PROBLEM TO SOLVE = Of all the lines below, return only those starting with the line holding "Foro de la sociedad" and going on through the line holding "2 հատ կանացի", exactly as written.

RECORDS SUPPLIED =
——————
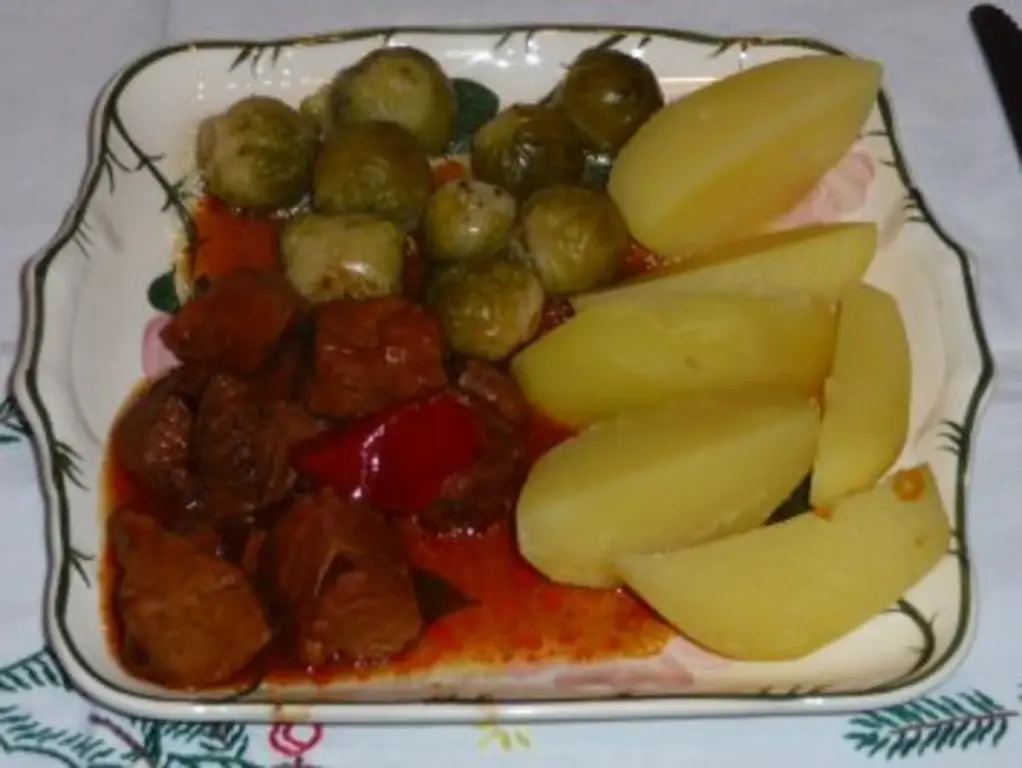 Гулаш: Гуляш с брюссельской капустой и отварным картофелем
——————
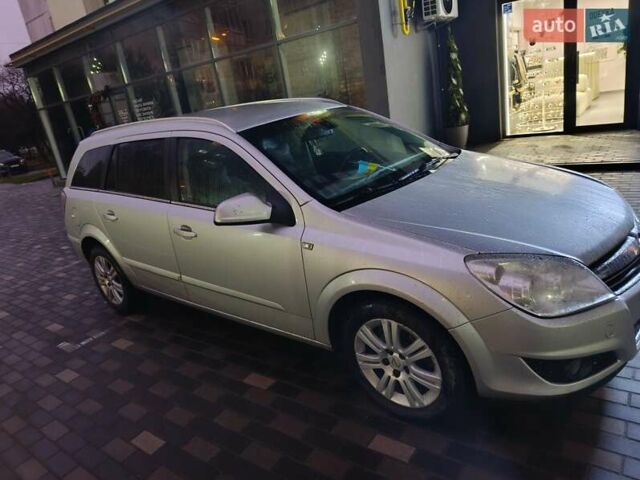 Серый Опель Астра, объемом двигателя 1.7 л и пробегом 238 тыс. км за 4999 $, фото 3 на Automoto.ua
——————
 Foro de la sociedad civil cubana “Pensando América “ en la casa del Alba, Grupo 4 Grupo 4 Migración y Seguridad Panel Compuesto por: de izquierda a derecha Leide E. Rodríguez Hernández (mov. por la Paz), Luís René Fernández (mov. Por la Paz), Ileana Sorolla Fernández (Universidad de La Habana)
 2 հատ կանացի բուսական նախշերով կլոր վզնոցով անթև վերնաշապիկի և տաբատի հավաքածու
——————
EXERCISE ANSWER =
 Foro de la sociedad civil cubana “Pensando América “ en la casa del Alba, Grupo 4 Grupo 4 Migración y Seguridad Panel Compuesto por: de izquierda a derecha Leide E. Rodríguez Hernández (mov. por la Paz), Luís René Fernández (mov. Por la Paz), Ileana Sorolla Fernández (Universidad de La Habana)
 2 հատ կանացի բուսական նախշերով կլոր վզնոցով անթև վերնաշապիկի և տաբատի հավաքածու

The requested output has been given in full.